### Exercise aim
Could you retype the lines below, starting at the line holding "Rayson Non Woven" and stopping at the line holding "1111 New River", inclusive? Copy them exactly and drop the images.

### Source material
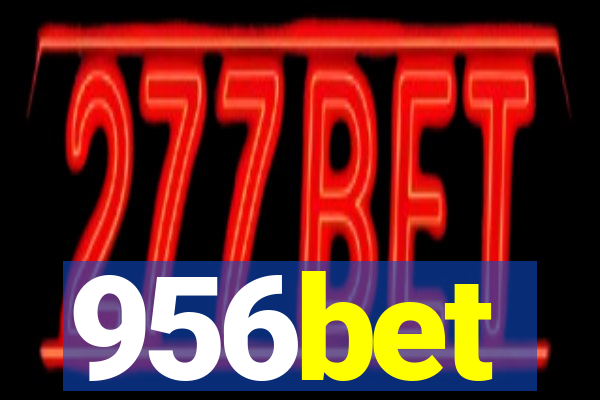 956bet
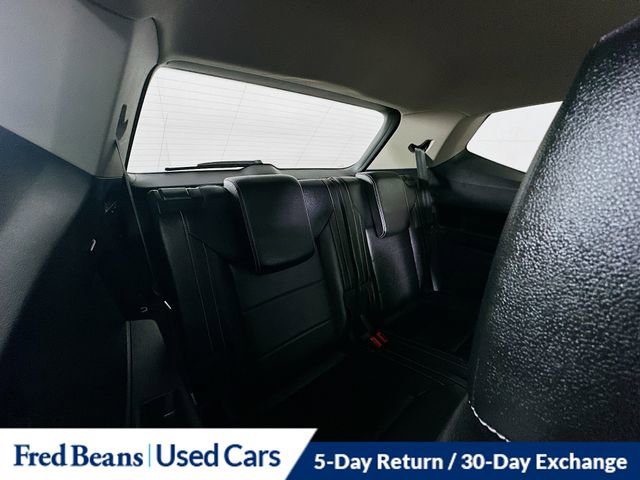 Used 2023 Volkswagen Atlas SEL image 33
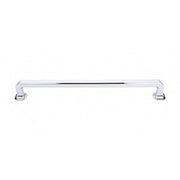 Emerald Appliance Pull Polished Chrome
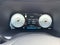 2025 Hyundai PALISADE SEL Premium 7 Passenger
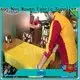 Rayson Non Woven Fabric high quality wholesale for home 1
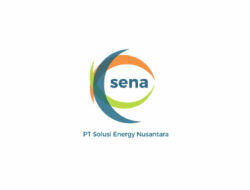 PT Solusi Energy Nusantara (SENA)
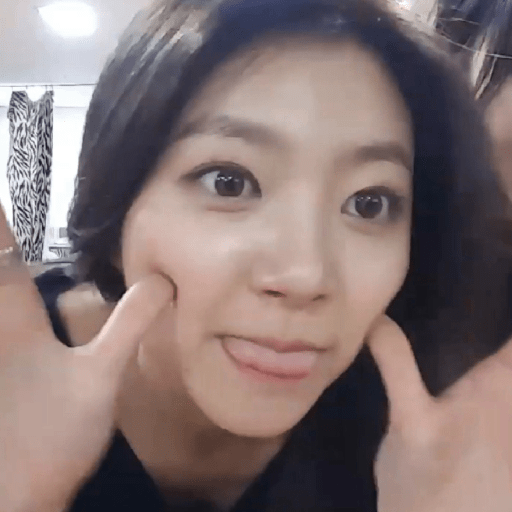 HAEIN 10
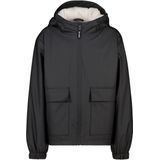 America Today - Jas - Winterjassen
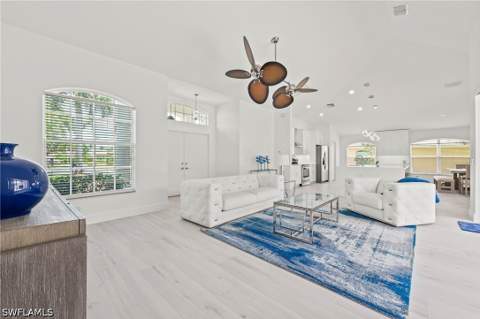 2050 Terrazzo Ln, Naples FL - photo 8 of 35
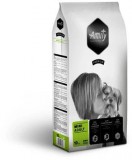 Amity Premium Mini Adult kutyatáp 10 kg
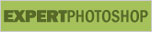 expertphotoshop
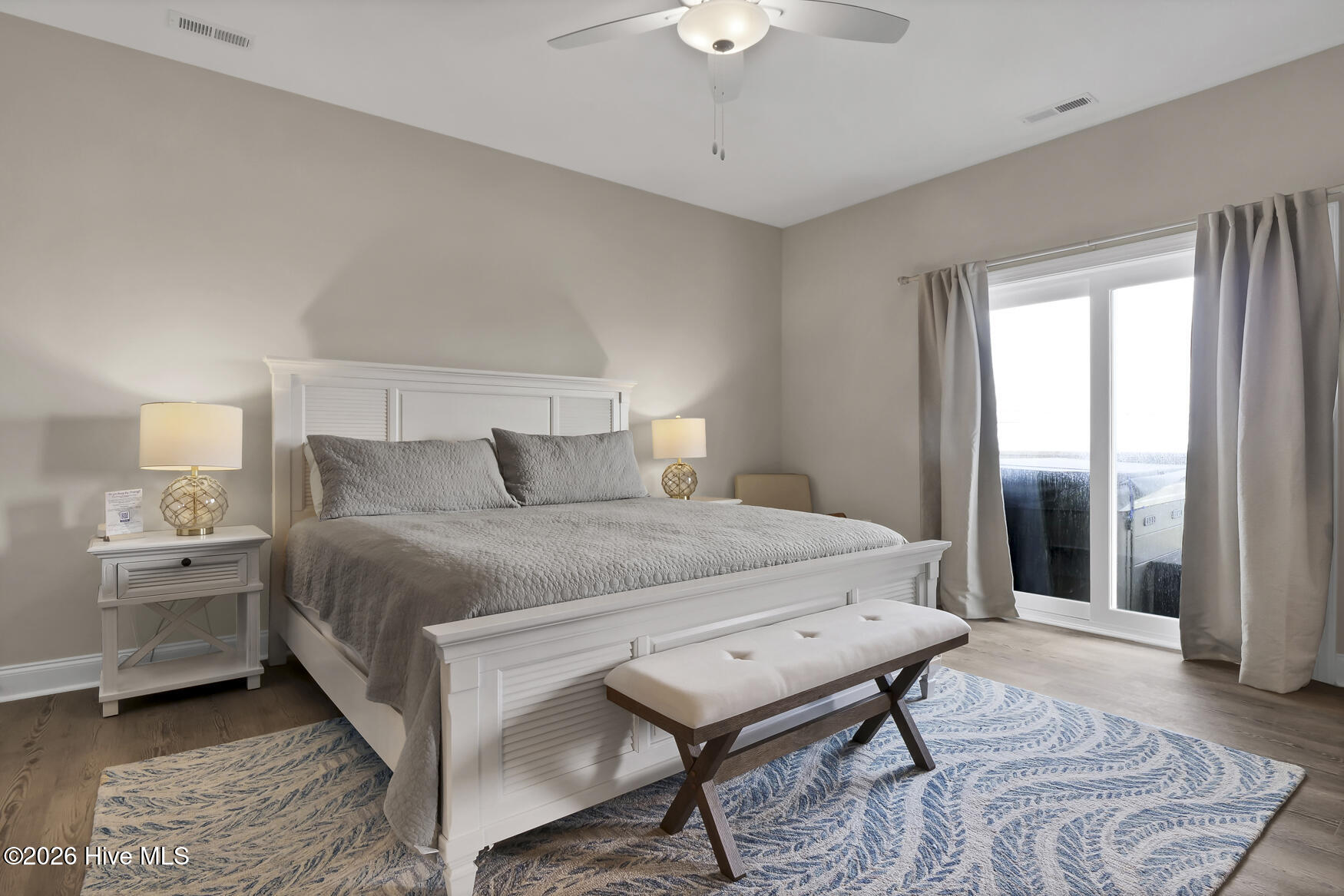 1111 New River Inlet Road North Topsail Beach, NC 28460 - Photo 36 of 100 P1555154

--

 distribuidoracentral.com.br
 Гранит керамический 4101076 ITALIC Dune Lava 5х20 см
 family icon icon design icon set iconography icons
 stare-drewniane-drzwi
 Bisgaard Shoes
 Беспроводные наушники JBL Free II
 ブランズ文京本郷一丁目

### Solution for this task
 Rayson Non Woven Fabric high quality wholesale for home 1
 PT Solusi Energy Nusantara (SENA)
 HAEIN 10
 America Today - Jas - Winterjassen
 2050 Terrazzo Ln, Naples FL - photo 8 of 35
 Amity Premium Mini Adult kutyatáp 10 kg
 expertphotoshop
 1111 New River Inlet Road North Topsail Beach, NC 28460 - Photo 36 of 100 P1555154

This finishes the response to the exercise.